What is Language?
Ben Goertzel
May 29, 2000
Language is above all a
system for reflecting on itself. It is
a system of distorting mirrors, each symbol, grammatical rule or meaning
reflecting parts of the outside world and other parts of language in its own
peculiar way. And as it reflects
itself, it slowly changes itself, evolving not only new words and grammars but
fundamentally new forms.
The archaic root of
language was mental abstraction, which led the mind to create symbols signifying abstract patterns that don’t
actually exist in the world, but only in its model of the world. Symbolism brought proto-language, as
observed among apes and one-year-old humans.
And language emerged as the reflection of symbolism on itself – the
evolution of complex webs of symbols standing for symbols. Language creates an inner cosmos capable of
competing with the outer, hence severing the mind from the world.
Then language was projected on the outside world, in the form of
languages for manipulating physical objects: engineering, machinery,
physics.

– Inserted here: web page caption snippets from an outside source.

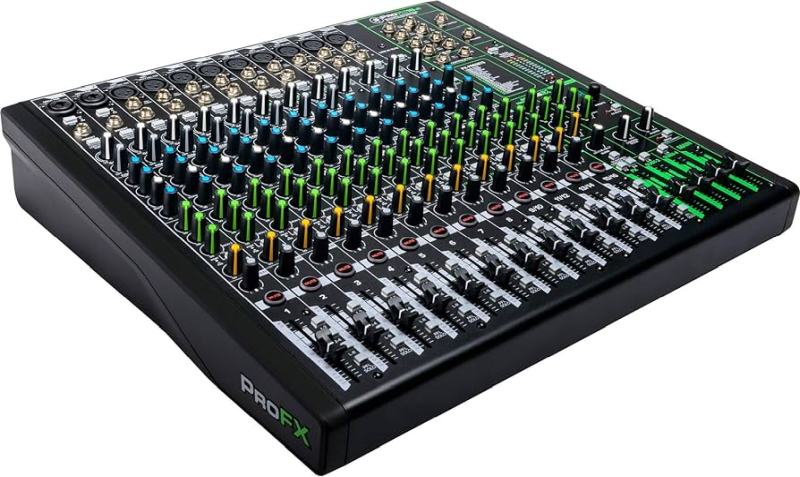 Rent Mackie ProFX16v3 16 Channel Mixer | Sound Mixer Rental Phoenix AZ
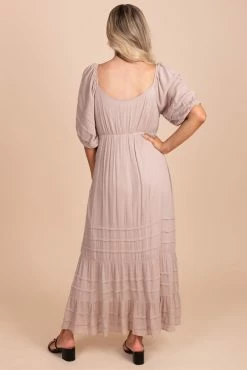 Listicle Make It Sweet Pleated Maxi Dress -Bella Ella Sales back 24d8f844 6e92 4d47 89a2 cd6e30421fe5 5000x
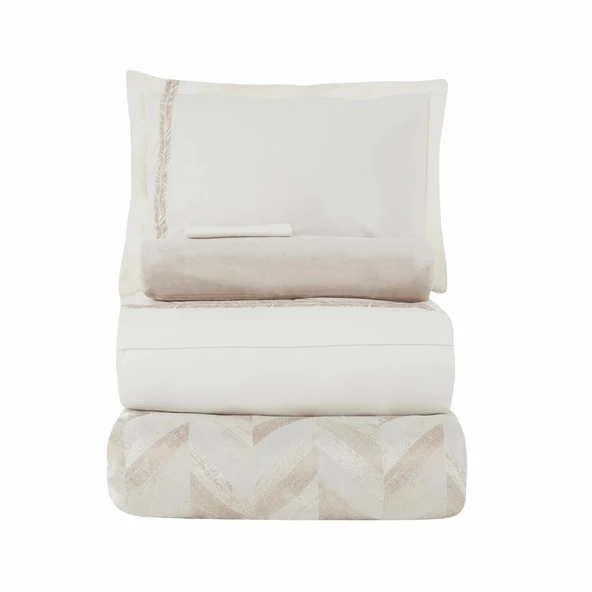 Karaca Home Celeste 8 Parça Çeyiz Seti Gold - 8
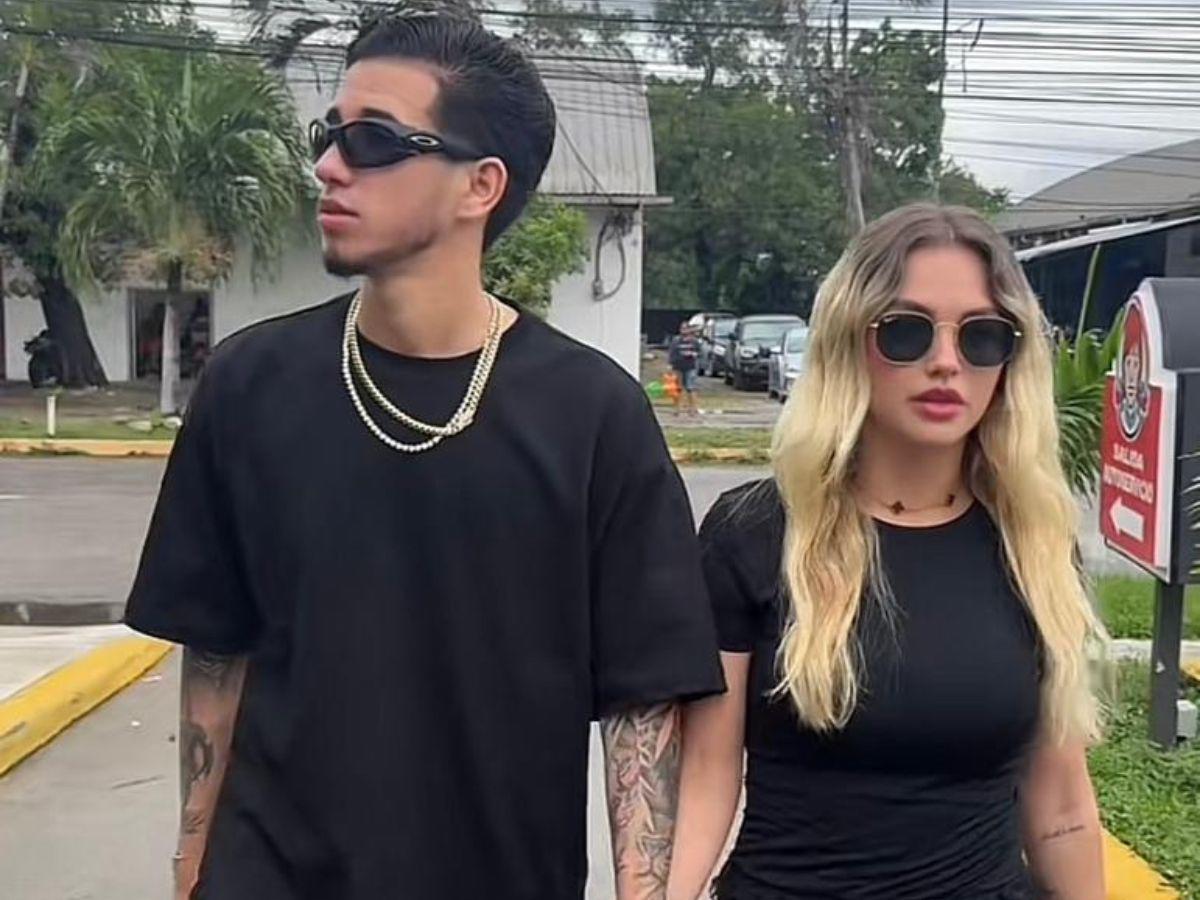 Milagro Flores y exnovia de Supremo se verán las caras en partido de tiktokers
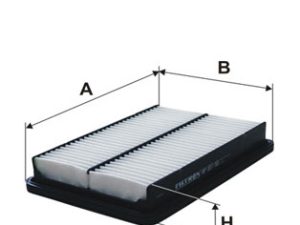 Filtru aer FILTRON AP 107/10 – KIA | AutoRival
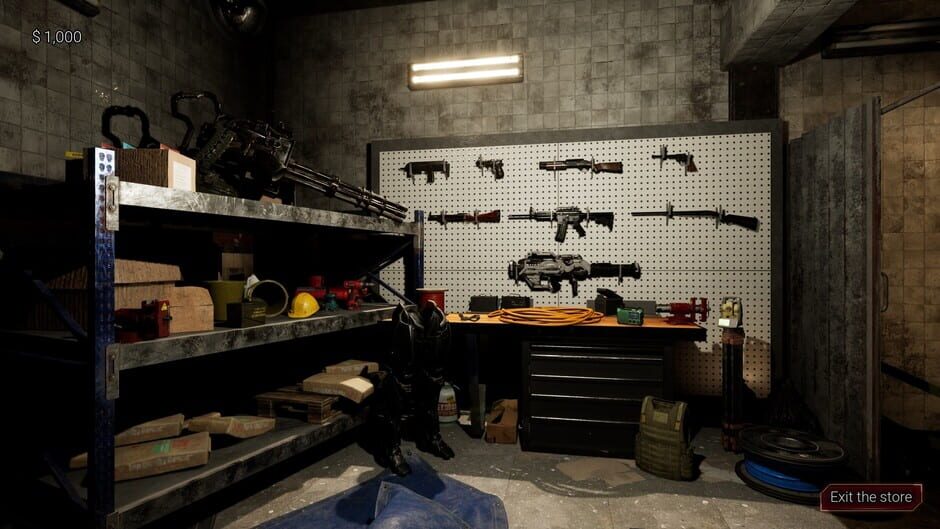 Carnage Offering Screenshot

And when the mind itself came
to emulate the machine, becoming a factory for the systematic production of
complex linguistic forms -- we had the birth of advanced reason, as we see in
mathematics, science and philosophy.
Then, computer programming, which synthesizes machinery and advanced
reasoning in an intriguing way.
But the evolution isn’t finished.
Over the next two centuries, computer programming languages will
interact with human languages in ever more complex ways, resulting, for
example, in living texts -- documents that search for other related documents
on the Net, rewrite themselves, battle and mate with each other.
In fact, we can’t fully envision where the self-reflection of language
will lead it next, because our tools of thought are themselves limited by
language’s current condition! We must
merely watch, and feel, the expansion of language around us and within us.